▸ Your task: Type out each entry exactly as it appears, but keep every image out.

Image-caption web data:
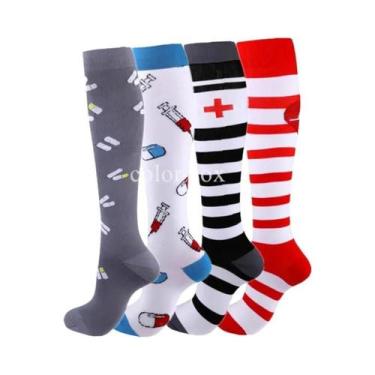 Imagem de Meias De Compressão Unissex 4 Pares Para Esportes, Corrida, Caminhada,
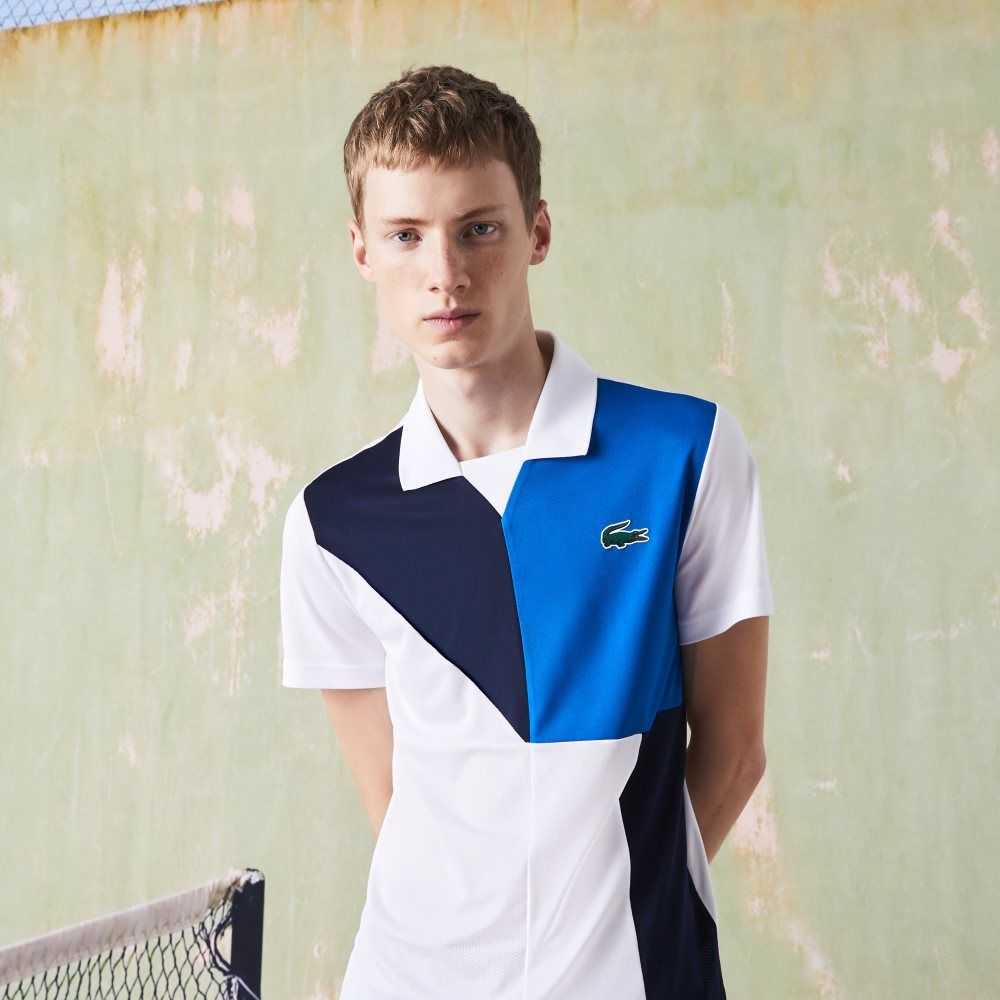 Lacoste SPORT Ultra-Dry Pique Tennis Hvite Svarte Blå | 5764-HVEWA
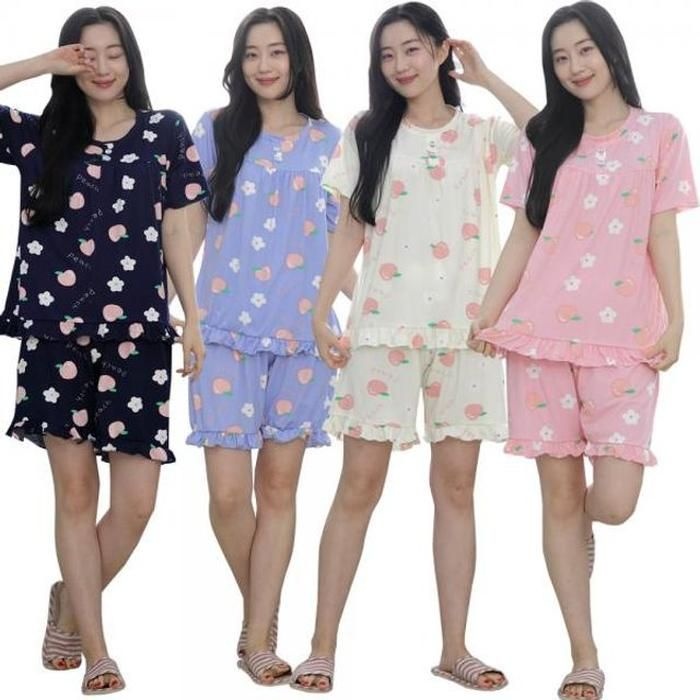 상세페이지참조 [라일리의류] Rly bns 여성 프릴 잠옷 반팔 세트 복숭아 피치원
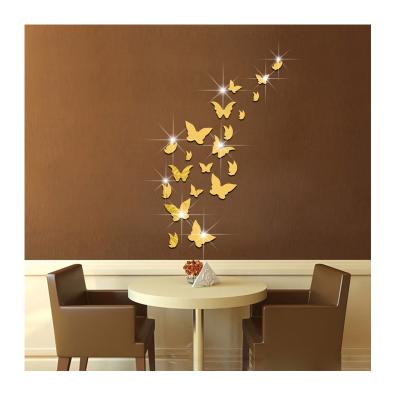 China WALL STICKER 3D Self Adhesive Acrylic Butterfly Art Wall Sticker For Kids Bedroom Decoration for sale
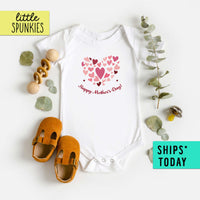 Happy Mothers Day (HEART) Cute Baby Onesie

▸ Expected answer:
 Imagem de Meias De Compressão Unissex 4 Pares Para Esportes, Corrida, Caminhada,
 Lacoste SPORT Ultra-Dry Pique Tennis Hvite Svarte Blå | 5764-HVEWA
 상세페이지참조 [라일리의류] Rly bns 여성 프릴 잠옷 반팔 세트 복숭아 피치원
 China WALL STICKER 3D Self Adhesive Acrylic Butterfly Art Wall Sticker For Kids Bedroom Decoration for sale
 Happy Mothers Day (HEART) Cute Baby Onesie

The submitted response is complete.